This method is best for: combining several camera shots into one document (photographed pages of a letter, for example), converting a screenshot alongside a photo, or producing a PDF sized to the image rather than to an A4 page.
Which method to use
- One photo, quickest possible: try the share sheet "Create PDF" action first. If it's there, it's two taps.
- One photo, guaranteed to work: the Print to PDF pinch-zoom method works on every iPhone.
- Photo already in Files app: use Quick Actions → Convert to PDF in Files.

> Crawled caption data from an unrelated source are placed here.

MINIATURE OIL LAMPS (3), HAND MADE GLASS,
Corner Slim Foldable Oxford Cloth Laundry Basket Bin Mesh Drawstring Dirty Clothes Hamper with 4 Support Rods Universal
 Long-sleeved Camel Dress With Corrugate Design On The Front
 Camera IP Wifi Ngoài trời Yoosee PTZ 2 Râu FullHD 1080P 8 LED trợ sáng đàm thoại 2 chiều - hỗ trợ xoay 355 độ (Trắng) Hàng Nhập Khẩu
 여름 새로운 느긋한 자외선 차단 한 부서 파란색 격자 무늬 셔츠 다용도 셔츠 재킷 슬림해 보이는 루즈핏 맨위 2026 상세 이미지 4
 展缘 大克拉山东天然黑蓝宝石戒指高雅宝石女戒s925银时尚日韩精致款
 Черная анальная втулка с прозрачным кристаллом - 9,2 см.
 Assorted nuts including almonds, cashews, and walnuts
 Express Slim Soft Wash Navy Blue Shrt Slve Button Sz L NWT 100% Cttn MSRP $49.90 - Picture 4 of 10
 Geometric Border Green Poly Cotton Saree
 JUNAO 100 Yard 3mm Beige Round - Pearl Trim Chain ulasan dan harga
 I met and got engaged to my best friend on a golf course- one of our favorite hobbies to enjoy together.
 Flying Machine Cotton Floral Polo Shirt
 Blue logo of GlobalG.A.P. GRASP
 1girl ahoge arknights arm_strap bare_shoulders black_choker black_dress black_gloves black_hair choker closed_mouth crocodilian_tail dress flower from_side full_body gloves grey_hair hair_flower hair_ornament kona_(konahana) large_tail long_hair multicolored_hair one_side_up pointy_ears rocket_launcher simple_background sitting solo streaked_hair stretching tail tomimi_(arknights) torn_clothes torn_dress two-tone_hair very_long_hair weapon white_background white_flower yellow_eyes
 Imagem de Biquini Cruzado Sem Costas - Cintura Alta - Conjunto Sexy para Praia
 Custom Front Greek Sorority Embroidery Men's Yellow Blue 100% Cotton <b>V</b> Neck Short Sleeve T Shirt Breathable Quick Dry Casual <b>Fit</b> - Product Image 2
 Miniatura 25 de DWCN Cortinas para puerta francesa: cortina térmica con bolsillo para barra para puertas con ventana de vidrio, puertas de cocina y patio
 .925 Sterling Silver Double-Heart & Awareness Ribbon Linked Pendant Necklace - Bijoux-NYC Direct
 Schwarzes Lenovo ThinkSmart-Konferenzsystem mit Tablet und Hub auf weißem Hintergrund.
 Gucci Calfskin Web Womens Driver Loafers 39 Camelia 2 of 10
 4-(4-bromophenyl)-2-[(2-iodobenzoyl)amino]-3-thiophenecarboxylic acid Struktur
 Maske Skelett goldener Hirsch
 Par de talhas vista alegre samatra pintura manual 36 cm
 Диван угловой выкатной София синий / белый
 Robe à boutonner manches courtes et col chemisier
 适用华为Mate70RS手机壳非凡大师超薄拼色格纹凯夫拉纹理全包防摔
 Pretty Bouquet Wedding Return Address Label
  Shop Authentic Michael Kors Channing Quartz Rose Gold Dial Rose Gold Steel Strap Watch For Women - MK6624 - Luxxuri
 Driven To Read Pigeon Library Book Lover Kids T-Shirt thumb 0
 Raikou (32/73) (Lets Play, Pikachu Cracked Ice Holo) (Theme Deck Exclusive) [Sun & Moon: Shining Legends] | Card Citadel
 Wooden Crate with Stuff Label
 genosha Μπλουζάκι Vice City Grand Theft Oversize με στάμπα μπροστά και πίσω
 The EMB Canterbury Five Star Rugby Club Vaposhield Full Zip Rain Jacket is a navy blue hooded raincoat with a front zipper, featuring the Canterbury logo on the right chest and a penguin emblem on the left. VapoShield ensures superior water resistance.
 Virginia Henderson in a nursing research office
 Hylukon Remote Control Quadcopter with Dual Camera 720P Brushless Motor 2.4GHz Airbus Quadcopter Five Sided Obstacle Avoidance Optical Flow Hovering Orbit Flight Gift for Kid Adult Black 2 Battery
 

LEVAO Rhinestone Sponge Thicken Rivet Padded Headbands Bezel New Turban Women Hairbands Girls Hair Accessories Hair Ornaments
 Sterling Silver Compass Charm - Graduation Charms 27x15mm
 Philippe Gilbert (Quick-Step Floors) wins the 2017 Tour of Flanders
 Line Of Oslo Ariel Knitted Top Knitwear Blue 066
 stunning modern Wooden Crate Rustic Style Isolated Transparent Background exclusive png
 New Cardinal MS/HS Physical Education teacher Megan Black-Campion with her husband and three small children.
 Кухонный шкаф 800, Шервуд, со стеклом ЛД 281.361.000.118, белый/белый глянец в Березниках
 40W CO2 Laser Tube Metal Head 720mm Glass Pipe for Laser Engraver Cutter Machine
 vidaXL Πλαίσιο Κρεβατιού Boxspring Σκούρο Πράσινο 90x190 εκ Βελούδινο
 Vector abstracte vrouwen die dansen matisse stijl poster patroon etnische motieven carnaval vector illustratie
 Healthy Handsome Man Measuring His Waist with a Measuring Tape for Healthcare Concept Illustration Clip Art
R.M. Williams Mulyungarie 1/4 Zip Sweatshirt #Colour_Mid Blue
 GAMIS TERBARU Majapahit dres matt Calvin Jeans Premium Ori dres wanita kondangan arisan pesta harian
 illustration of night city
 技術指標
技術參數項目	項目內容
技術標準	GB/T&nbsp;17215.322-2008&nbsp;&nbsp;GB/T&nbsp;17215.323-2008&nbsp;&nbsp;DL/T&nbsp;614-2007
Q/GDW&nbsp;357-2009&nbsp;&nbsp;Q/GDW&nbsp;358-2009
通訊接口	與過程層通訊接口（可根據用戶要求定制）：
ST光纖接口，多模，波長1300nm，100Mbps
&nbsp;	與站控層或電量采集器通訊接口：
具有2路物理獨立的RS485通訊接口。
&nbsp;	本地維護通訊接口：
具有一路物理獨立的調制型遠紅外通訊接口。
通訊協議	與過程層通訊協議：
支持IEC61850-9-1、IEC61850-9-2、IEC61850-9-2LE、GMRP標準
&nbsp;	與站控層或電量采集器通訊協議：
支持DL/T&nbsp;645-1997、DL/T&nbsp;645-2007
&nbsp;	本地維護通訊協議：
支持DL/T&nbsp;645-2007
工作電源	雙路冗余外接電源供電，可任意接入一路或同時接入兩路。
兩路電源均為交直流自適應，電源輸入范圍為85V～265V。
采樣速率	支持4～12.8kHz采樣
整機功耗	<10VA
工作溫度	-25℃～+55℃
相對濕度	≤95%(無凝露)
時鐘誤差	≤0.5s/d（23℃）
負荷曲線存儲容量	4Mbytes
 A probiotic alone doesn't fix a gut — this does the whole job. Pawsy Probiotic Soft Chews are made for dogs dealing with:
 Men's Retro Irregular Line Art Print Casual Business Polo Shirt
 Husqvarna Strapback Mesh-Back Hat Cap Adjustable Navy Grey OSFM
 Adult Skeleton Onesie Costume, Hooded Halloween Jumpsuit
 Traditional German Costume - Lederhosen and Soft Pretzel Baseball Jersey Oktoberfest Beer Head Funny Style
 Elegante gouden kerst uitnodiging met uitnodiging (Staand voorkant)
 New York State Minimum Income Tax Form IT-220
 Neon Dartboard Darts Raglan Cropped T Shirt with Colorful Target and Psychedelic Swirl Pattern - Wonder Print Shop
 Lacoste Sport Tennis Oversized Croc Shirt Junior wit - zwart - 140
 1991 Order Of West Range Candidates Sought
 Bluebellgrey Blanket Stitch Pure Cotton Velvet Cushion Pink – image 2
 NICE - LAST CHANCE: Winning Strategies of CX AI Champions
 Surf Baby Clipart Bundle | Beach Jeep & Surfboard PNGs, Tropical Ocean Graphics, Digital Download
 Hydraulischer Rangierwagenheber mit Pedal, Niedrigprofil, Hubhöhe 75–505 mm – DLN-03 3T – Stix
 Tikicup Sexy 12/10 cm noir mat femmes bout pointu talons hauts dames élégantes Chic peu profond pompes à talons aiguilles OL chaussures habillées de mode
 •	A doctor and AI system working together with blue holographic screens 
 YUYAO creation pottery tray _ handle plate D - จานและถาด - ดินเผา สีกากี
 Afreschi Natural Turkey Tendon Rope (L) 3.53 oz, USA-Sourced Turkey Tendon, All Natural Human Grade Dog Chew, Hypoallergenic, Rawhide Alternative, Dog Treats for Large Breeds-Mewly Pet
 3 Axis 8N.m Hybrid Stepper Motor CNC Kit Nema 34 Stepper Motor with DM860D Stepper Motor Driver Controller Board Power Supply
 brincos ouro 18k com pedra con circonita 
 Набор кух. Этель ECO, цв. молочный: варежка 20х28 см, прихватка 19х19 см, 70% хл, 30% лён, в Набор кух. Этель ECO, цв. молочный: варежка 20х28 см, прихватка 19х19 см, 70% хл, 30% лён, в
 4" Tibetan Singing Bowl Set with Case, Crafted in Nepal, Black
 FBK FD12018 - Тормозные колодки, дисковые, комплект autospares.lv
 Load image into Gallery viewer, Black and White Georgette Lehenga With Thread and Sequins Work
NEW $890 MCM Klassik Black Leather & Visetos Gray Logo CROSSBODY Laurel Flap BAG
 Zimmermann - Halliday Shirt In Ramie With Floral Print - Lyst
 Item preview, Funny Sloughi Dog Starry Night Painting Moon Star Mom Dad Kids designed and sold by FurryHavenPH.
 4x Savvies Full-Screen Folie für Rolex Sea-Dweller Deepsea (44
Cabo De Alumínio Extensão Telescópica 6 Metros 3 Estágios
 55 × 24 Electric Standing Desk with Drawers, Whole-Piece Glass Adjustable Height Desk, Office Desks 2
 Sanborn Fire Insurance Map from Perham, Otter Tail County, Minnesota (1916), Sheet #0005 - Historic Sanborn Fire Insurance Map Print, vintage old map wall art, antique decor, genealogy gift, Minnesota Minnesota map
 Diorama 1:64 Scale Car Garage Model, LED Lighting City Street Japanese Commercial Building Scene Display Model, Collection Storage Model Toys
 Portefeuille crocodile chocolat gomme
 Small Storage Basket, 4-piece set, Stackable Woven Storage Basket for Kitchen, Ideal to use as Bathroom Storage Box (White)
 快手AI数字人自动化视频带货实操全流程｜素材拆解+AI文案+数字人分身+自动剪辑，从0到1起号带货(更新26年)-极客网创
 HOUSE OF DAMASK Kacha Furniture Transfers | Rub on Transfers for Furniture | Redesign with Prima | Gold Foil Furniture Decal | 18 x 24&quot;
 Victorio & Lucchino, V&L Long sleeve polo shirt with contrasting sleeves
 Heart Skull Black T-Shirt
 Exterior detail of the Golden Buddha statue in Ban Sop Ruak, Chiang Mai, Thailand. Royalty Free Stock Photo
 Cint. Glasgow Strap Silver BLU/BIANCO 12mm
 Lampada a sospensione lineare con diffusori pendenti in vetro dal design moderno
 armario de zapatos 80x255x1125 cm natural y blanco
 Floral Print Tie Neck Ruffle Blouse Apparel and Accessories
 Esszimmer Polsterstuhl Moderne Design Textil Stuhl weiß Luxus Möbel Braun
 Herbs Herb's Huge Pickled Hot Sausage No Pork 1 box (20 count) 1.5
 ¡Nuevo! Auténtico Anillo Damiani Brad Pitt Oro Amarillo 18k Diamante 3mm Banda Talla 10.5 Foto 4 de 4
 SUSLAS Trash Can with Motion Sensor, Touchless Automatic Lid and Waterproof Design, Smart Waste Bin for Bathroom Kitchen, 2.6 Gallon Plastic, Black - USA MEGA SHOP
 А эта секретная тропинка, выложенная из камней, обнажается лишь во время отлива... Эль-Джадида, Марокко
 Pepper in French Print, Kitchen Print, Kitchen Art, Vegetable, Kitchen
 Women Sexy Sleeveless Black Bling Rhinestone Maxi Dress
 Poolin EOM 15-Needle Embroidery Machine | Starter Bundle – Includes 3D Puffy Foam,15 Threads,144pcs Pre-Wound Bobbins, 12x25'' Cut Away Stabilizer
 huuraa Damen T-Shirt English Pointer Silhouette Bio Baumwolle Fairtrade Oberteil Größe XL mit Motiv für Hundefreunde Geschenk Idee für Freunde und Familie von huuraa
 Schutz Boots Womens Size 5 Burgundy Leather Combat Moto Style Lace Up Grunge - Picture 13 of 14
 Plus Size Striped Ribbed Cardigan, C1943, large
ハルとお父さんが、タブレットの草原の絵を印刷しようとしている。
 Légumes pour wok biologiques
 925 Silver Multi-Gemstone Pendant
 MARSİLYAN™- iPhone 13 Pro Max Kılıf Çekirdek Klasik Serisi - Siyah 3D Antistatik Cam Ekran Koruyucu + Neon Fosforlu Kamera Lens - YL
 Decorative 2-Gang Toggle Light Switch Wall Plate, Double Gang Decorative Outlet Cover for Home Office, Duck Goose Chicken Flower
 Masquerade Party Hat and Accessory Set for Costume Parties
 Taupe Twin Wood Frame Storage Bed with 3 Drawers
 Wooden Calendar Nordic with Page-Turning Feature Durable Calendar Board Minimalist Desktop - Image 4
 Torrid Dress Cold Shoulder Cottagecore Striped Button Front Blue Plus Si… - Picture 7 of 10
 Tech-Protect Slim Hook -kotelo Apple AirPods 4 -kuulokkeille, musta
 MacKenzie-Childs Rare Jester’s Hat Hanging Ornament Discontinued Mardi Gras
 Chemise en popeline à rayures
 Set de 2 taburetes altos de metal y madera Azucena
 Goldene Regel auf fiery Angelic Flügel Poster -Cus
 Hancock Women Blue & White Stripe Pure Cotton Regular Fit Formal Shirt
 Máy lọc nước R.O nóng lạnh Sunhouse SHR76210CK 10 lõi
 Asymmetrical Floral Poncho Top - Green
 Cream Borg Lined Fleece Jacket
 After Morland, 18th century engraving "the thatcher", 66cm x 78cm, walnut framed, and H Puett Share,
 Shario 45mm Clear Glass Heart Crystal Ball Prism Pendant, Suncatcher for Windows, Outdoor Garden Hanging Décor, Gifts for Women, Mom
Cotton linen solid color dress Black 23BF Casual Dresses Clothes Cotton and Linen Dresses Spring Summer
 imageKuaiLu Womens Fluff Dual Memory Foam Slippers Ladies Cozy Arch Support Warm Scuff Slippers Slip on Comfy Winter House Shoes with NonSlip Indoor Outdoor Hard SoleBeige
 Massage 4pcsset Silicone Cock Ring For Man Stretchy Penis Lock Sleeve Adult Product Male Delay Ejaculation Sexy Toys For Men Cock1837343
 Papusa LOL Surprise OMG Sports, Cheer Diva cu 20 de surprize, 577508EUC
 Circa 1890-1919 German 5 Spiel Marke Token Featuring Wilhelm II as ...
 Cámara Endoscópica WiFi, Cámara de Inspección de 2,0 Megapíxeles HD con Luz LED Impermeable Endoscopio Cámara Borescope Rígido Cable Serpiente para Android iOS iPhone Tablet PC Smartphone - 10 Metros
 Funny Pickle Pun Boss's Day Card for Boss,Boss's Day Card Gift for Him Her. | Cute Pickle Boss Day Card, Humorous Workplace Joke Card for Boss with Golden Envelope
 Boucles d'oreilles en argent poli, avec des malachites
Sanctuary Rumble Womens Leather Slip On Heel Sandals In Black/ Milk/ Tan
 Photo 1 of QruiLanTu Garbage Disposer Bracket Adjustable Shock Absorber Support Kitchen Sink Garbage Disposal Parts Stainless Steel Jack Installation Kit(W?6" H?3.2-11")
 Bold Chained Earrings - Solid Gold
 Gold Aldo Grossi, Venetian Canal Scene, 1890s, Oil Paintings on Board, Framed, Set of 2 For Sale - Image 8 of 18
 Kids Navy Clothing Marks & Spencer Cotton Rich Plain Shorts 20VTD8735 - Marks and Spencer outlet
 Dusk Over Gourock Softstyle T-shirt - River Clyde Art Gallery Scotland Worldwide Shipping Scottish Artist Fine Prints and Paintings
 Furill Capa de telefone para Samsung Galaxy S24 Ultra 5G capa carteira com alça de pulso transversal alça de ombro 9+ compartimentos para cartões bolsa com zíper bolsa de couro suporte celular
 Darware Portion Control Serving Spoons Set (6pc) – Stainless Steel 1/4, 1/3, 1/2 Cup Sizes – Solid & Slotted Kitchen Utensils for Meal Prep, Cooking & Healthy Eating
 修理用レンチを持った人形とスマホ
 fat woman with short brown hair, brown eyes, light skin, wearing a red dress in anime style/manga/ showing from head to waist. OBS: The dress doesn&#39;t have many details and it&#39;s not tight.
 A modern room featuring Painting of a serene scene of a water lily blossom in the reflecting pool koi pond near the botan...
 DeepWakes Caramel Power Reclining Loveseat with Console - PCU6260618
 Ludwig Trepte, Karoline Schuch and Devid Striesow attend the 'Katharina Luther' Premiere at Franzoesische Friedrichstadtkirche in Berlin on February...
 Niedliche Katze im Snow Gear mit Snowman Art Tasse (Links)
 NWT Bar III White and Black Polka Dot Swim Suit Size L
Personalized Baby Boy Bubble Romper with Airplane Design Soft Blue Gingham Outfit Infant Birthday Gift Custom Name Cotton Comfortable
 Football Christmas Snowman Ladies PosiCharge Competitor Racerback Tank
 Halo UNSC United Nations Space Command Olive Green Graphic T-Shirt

- Multiple photos into one PDF: use PDFWhisk in Safari, it's the only method that handles batching natively.
What about screenshots?
Screenshots are treated identically to photos by all four methods. The most common scenario is saving a screenshot as PDF so it looks more like a document when sent by email. For a single screenshot, the Print to PDF trick is fastest. For a series of screenshots you want to package together (say, a conversation thread you need to send as evidence), the browser method saves them as sequential pages in one PDF.
What about Live Photos?
iOS converts Live Photos to a static JPEG before processing in all the above methods, the motion component is dropped. The resulting PDF shows the still frame. If you specifically need the video portion of a Live Photo, you need to export it as a video first from the Photos app (Share → Save Video), which is a different workflow.
File size: what to expect
A standard iPhone photo converted to PDF is typically 2–5MB per page, depending on shooting conditions and which method you use. The Print to PDF method at default quality produces slightly smaller files than the browser method at high quality because the print renderer applies more compression. If the resulting PDF is too large to email, open it in PDFWhisk's compressor and choose a target size, 5MB or 10MB is practical for most email clients.
Saving photos as PDFs is genuinely straightforward once you know which step is non-obvious (the Print to PDF pinch gesture, or the Quick Actions menu in Files). None of these methods require an account, an app download, or sending your photos to a third-party server.